**** Data extract ****

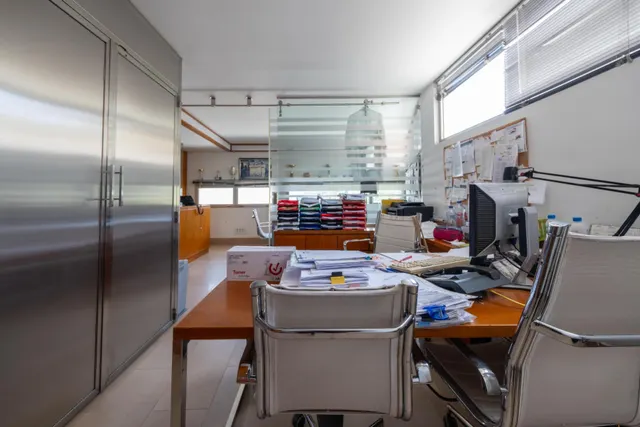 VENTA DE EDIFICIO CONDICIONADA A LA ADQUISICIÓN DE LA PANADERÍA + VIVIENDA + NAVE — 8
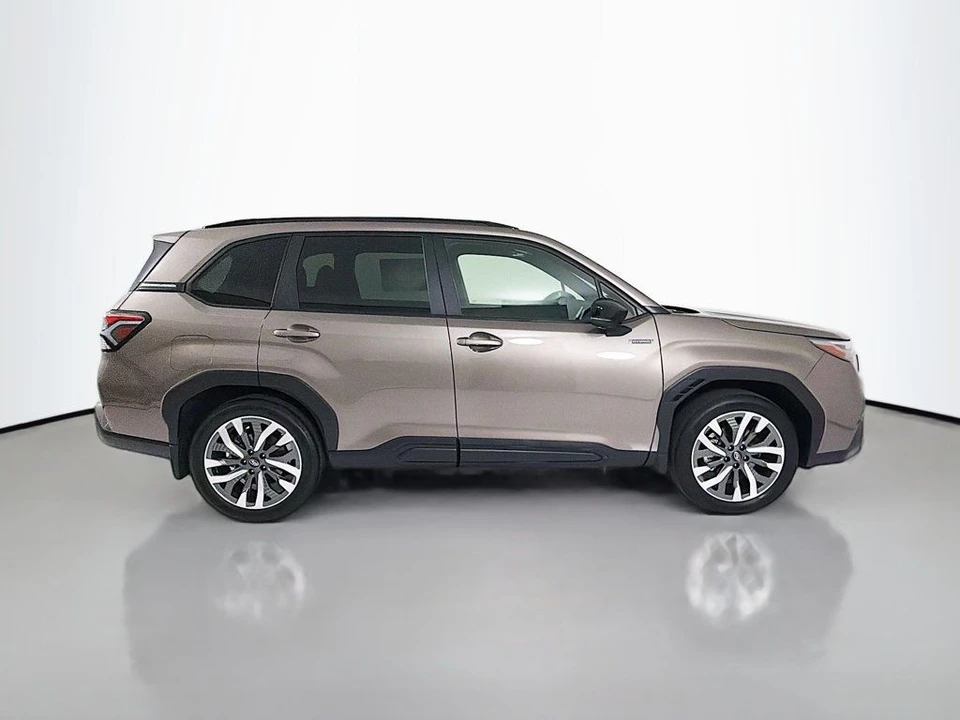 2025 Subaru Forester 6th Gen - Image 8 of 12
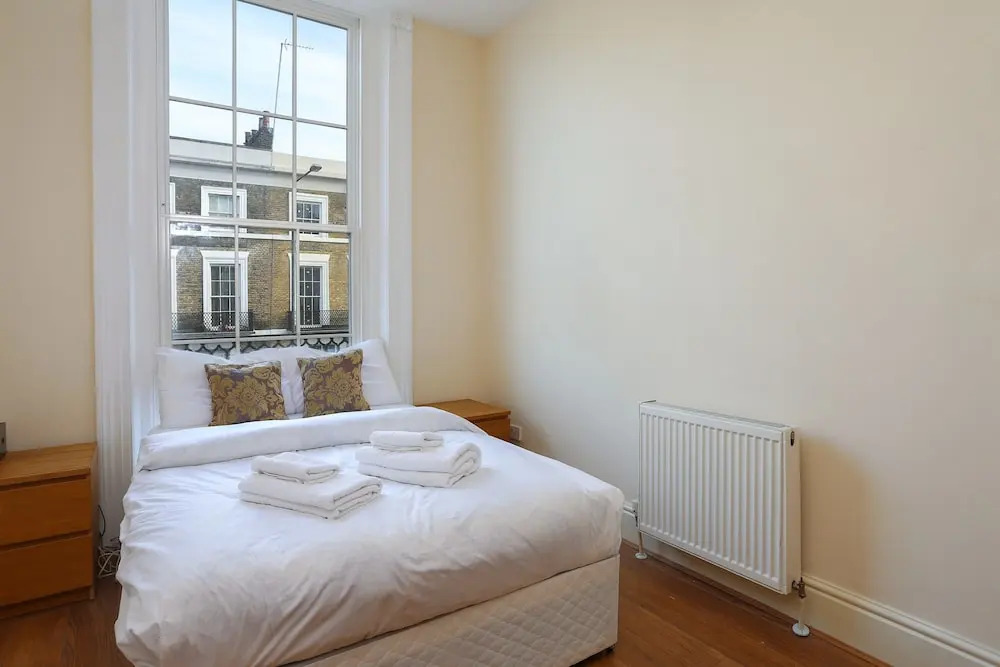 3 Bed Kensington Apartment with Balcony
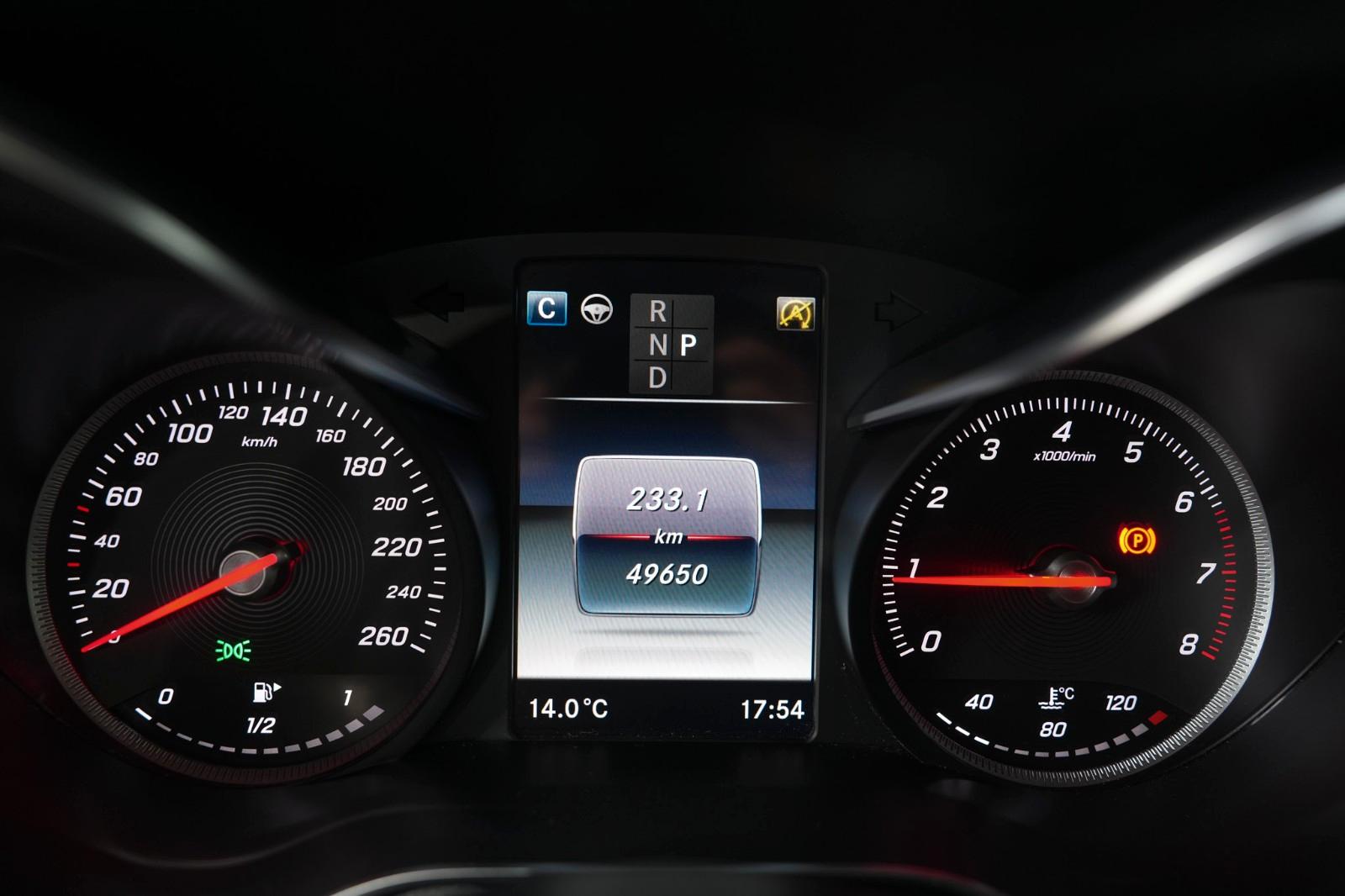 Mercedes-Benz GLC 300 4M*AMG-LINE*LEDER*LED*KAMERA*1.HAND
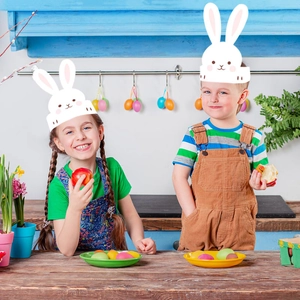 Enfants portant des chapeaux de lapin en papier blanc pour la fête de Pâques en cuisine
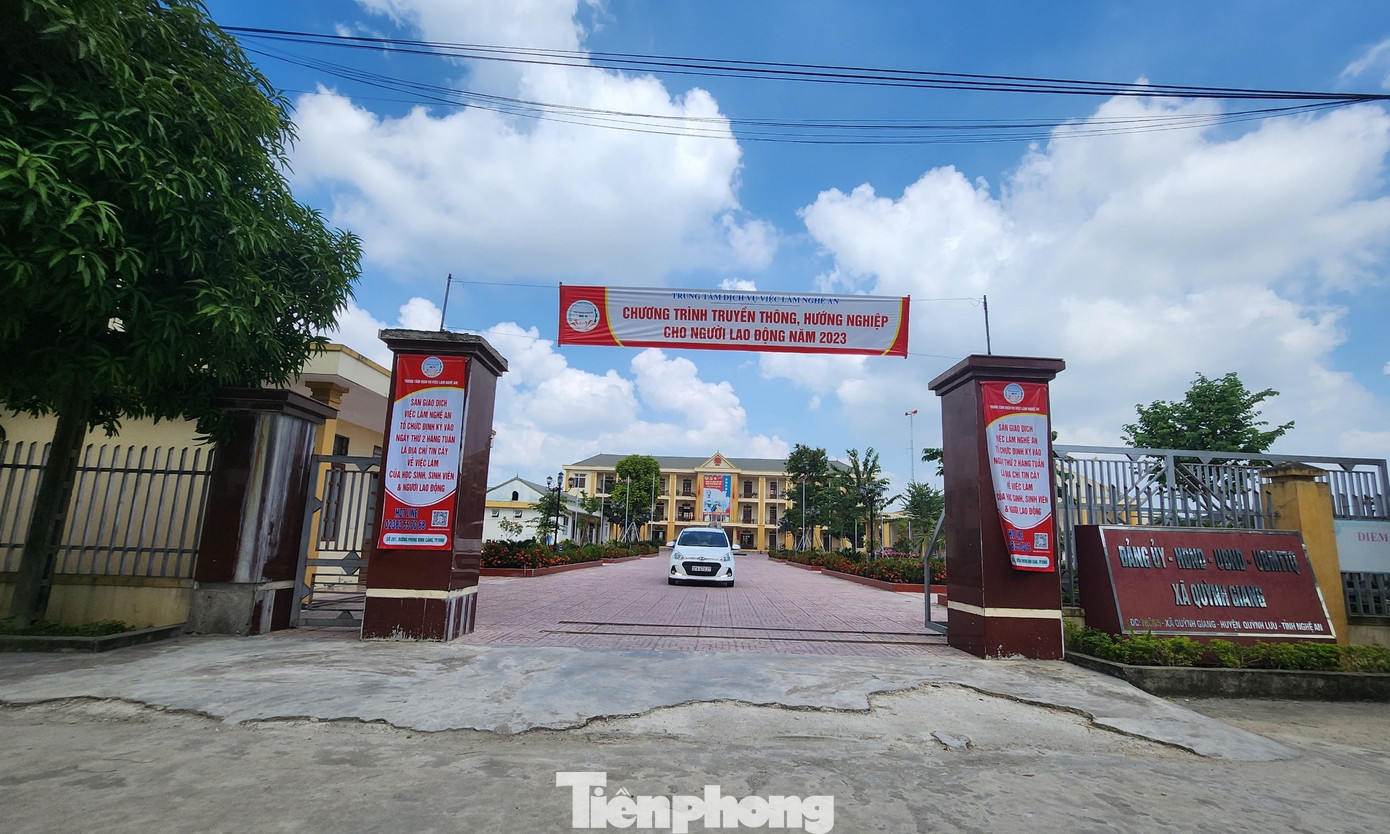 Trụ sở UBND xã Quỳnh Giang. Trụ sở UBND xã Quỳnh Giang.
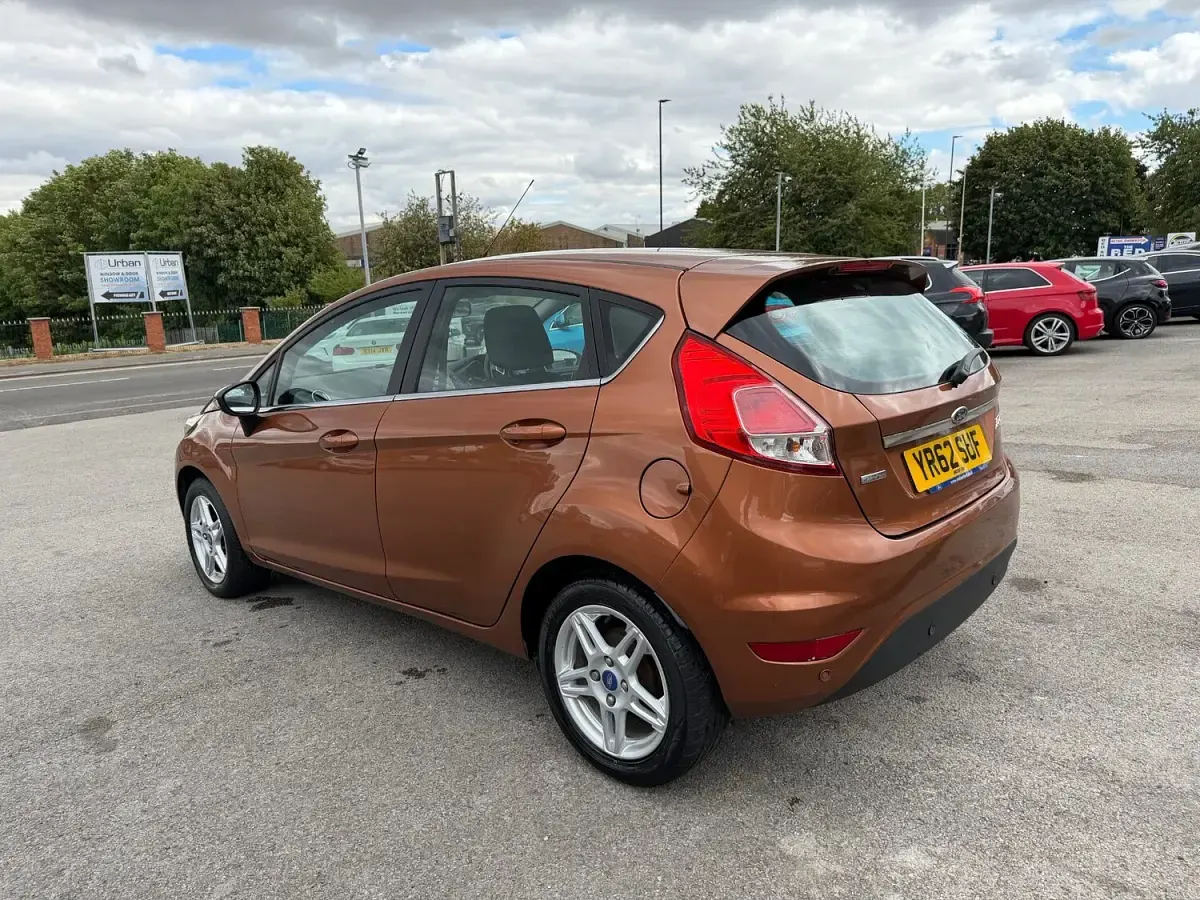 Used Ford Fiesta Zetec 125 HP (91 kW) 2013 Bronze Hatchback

****

== Exercise requirements ==
Give back exactly the run of lines that opens the material above and ends at the line with "Enfants portant des". Omit the pictures.

== Result for this exercise ==
 VENTA DE EDIFICIO CONDICIONADA A LA ADQUISICIÓN DE LA PANADERÍA + VIVIENDA + NAVE — 8
 2025 Subaru Forester 6th Gen - Image 8 of 12
 3 Bed Kensington Apartment with Balcony
 Mercedes-Benz GLC 300 4M*AMG-LINE*LEDER*LED*KAMERA*1.HAND
 Enfants portant des chapeaux de lapin en papier blanc pour la fête de Pâques en cuisine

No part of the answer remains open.